DATA UNDER STUDY:
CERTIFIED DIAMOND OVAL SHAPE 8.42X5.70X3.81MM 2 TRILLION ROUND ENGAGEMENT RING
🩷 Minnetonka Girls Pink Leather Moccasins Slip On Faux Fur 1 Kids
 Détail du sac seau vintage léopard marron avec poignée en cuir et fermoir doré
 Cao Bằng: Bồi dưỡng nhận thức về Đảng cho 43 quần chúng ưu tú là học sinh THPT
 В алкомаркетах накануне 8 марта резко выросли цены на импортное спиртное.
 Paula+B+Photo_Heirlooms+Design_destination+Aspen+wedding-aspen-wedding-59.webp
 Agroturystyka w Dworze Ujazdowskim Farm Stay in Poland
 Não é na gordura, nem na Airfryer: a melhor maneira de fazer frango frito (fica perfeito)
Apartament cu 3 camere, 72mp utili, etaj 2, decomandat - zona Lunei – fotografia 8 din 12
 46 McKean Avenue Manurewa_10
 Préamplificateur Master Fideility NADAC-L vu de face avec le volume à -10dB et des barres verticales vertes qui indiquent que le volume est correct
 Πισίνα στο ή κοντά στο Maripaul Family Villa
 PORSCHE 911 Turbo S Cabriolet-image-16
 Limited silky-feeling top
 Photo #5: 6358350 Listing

WORK INSTRUCTIONS:
In the records above, find the line containing "Limited silky-feeling top" and print it and every later line exactly, through the last one.

WRITTEN ANSWER:
 Limited silky-feeling top
 Photo #5: 6358350 Listing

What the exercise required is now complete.